As student art sprawls across the pages of today’s Daily, it’s a good time to think about student artists and the state of art – or more specifically, the state of visual art at McGill.

We need to think about McGill in the broader Canadian context. The Harper government’s history of funding cuts to the arts points to a disturbing trend in institutional support for art. What is important is not only this decline in public funding, but what it could mean for the future of valuable institutional structures like the Canada Council for the Arts (CCA).

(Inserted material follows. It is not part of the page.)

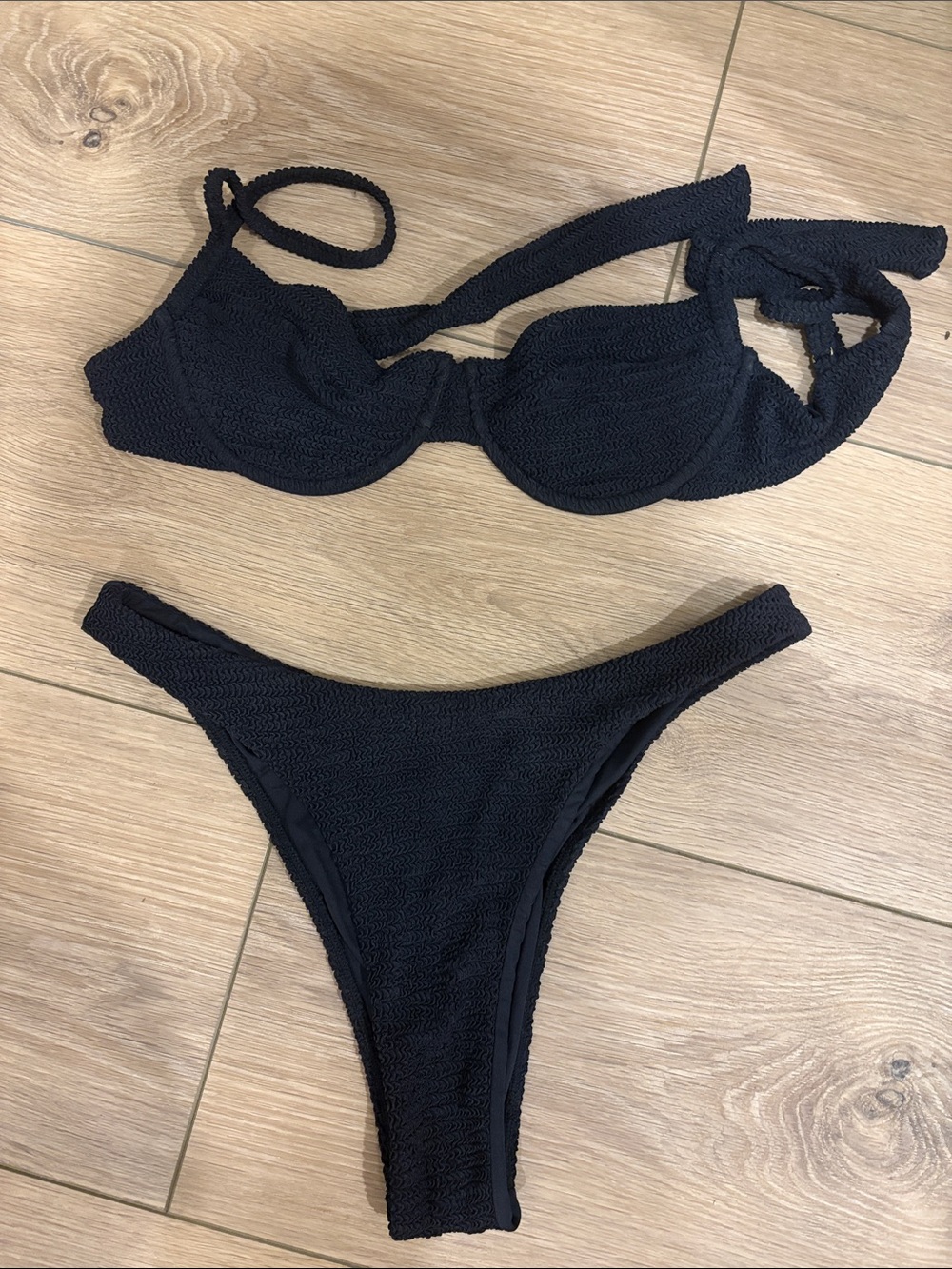 Monday Swimwear Black Textured Underwire Bikini Set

The important thing here is not just the money distributed by the CCA, but the actual mandate and structure of the organization – both as an active participant in the art world, and as a model for public funding. What sets the CCA apart from other sources of public funding is its peer-review system, through which juries of artists are the ones who decide which of their peers will receive grant money.

Though the CCA is in dire straits, as an institution it’s strong evidence of public support of art. The people understand: art is a social good.

At McGill, support for art is practically non-existent. Certain necessities – tools, funding, and space – are inaccessible or not widely enough known to enable students to create art. How many students, for example, know they can use FinalCutPro at Ferrier?
The Fridge Door Gallery, created to display student art, is emblematic of both funding and space issues. After a long bureaucratic battle with McGill, they managed to get a space in the study rooms on the first floor of Leacock in 2007. They have long struggled to secure steady funding.

The University has poured funding into theatre and music – not just for the official, academic programs, but for non-academic activities as well. Though there’s no faculty of fine arts at McGill, there ought to be accessible tools, funding, space – a support structure – for students’ artistic endeavours.

It seems the administration’s obsession with branding has led to its indifference to art. The administration’s refusal to allow CKUT to use McGill in its name and its attempt to remove McGill from SACOMSS’ name – actions like these point to a paranoid form of branding, the creation of a standardized, consumable image of McGill. The University’s not against art – it’s just against art it can’t control.

Public institutions like McGill are imperative for the prosperity of artistic communities, so it’s vital to combat its indifference to art in order to help foster a vibrant artistic atmosphere at the University. Toward this end, you should write Morton Mendelson, the Deputy Provost (Student Life & Learning), at morton.mendelson@mcgill.ca, and request more funding for student art, more space for its display, and more accessible tools for its creation.

But we must not forget the work of forming those communities. Students need to take the initiative. Students interested in art at McGill have created a real community with its own institutions, journals, and showcases. We encourage anyone interested in art both to support their peers and also to follow their lead and do it yourself.

So if you’re an artist or just a fan (for now), you can submit to or help edit journals like Folio, Scivener, and Steps. You can illustrate or take photos for The Daily (email our editors at photos@mcgilldaily.com and illustrations@mcgilldaily.com for more information). If you don’t like what’s being done, step up to the plate: start a journal, start a gallery, start something and demand funding from the administration. Don’t just look at art, make it. Remake McGill in your own image.